Congress leader Rahul Gandhi received a new ordinary passport on Sunday, two days after a local court granted its no objection to the issuance of the same, sources said.
They said the passport office had assured Gandhi in the morning that the passport would be issued to him on Sunday and he got it in the afternoon.
The former Congress president is set to travel to San Francisco in the United States on Monday evening where he will start his three-city tour. He had applied for an ordinary passport after surrendering the old diplomatic passport issued to him when he was a member of parliament.
Rahul Gandhi was disqualified as an MP following his conviction and two-year sentence by a Gujarat court in a defamation case over his Modi surname remark.
Starting with San Francisco where he is scheduled to interact with students at the prestigious Stanford University, Gandhi will also address a press conference and have meetings with the lawmakers and think tanks in Washington DC.
The Congress leader is likely to address Indian Americans, meet lawmakers and interact with members of think tanks, Wall Street executives and university students during his week-long tour of the USA. He is slated to conclude his trip with a large public gathering in New York on June 4.
The interaction would take place at the Javits Center in New York.
A Delhi court had on Friday granted a no-objection certificate to Rahul Gandhi for the issuance of an 'ordinary passport' for three years instead of 10, the period for which it is normally issued, following an objection raised by Bharatiya Janata Party leader Subramanian Swamy.

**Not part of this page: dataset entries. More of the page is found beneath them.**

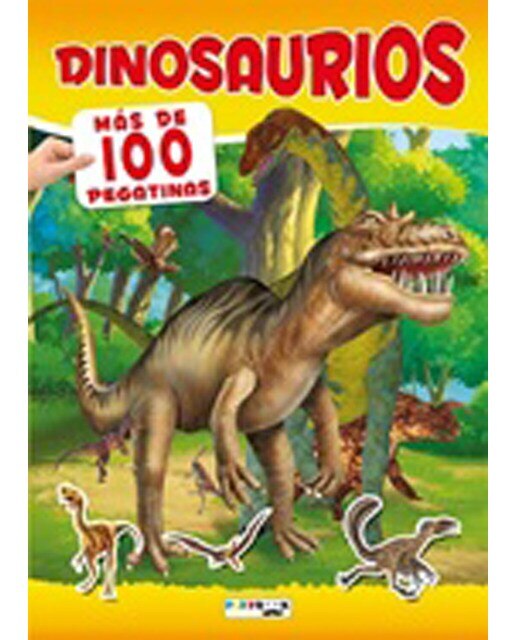 Imagen 0 de Dinosauriuos
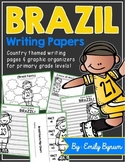 Brazil Writing Papers (A Country Study!)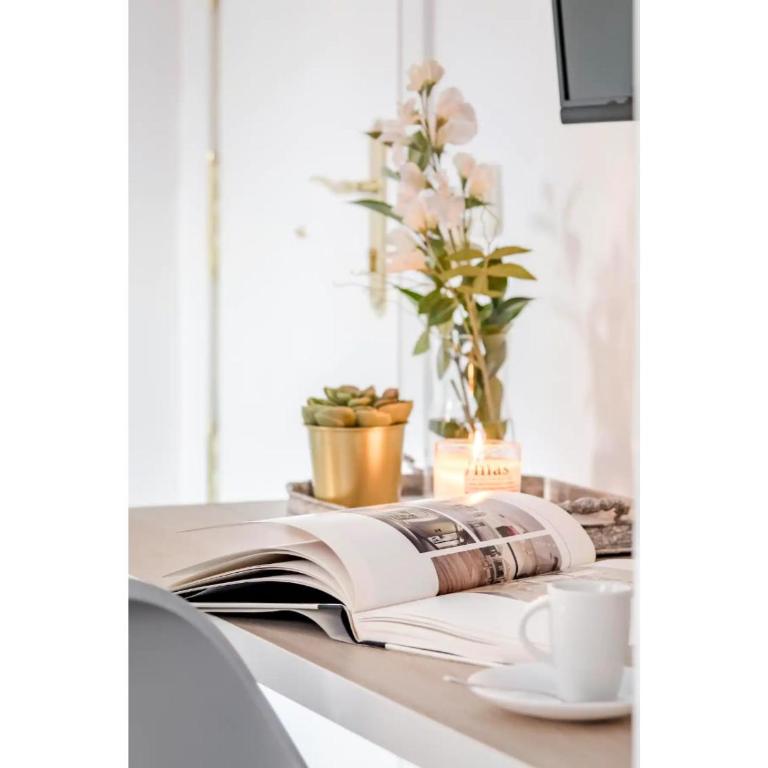 Cozy studio (14m2) in Arturo Soria area D3 - One-Bedroom Apartment - 4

The court noted that the National Herald case was pending at the stage of cross-examination of the complainant in pre-charge evidence and Gandhi has been regularly appearing either in person or through his counsel and has not hampered or delayed the proceedings.
Rahul Gandhi is an accused in the case in which Swamy is the complainant.
An ordinary passport that is generally issued to adults is valid for 10 years.
On March 24, the Wayanad Lok Sabha constituency in Kerala was declared vacant after Rahul Gandhi, who represented it in the Lok Sabha, was disqualified following his conviction in a defamation case in which he was sentenced to a two-year jail term.
The Congress leader, whose sentence has been suspended in the defamation case filed over his remarks about Prime Minister Narendra Modi's surname, had moved the court seeking a no-objection certificate on Tuesday.